Trois semaines après avoir frôlé la mort, Jacques a pu revenir à son domicile. "On était descendu jusque Morzine pour assister à l'événement des Harley Days, un rassemblement géant qui a lieu une fois tous les deux ans", nous explique celui qui est passionné de moto depuis plus de 30 ans. "Ce jour-là on ne devait pas sortir mais Maverick a insisté. J'ai accepté de l'accompagner en tant que passager car j'avais confiance en lui. Je ne l'avais jamais vu rouler de façon dangereuse mais ici, le dépassement qu'il a voulu effectuer s'est mal passé et on s'est retrouvé en frontal avec un camping-car."
Des images qui resteront gravées à jamais dans la tête de Jacques. "Je n'ai pas perdu connaissance malgré la violence du choc. Mon côté droit a cela dit morflé avec plusieurs côtes cassées, un poumon et un rein écrasés et mon aorte a été fissurée. Par miracle, deux secouristes se trouvaient dans le tunnel que l'on traversait au moment de l'accident. Ils m'ont littéralement sauvé la vie en effectuant un pontage en urgence entre l'aine et l'aisselle. Ensuite, un hélico est venu me chercher pour me transporter à l'hôpital. J'ai vraiment eu beaucoup de chance."
24h de coma
Passé à deux doigts de la mort, Jacques est resté dans le coma pendant plus de 24h. "A mon réveil, je me suis rendu comte que j'étais vivant, ce qui était miraculeux mais les médecins m'ont expliqué que les prochaines heures seraient cruciales. Ce n'est que, de nouveau, une vingtaine d'heures plus tard que j'ai réalisé que Maverick était décédé dans l'accident."

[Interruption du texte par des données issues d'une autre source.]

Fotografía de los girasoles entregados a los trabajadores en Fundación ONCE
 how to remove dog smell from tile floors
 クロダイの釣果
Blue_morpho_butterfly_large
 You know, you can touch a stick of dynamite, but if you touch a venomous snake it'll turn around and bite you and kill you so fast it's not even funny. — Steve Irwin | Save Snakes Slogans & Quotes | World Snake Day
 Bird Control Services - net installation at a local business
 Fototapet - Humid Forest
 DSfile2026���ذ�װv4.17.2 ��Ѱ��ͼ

Rentré en Belgique depuis quelques jours, d'abord en observation puis au CHU Tivoli, Jacques a pu retrouver son domicile. "Je suis actuellement en rééducation. J'éprouve encore des difficultés à me lever ou à me coucher mais je peux faire quelques pas. Je ferai tout pour être prêt à temps pour la rentrée scolaire. En dix ans d'ancienneté en tant que professeur de soudure, je n'ai jamais manqué un jour pour maladie. Je compte bien continuer sur ma lancée."
Optimiste dans l'âme, Jacques n'abandonnera pas cet objectif. "Ce que je retiendrai de cet accident dramatique, c'est, de un, que je ne monterai plus jamais à l'arrière d'une moto. Je ne peux également qu'exhorter les jeunes qui prennent le volant à ne pas dépasser les limites de vitesse autorisées et de conduire prudemment en toutes circonstances."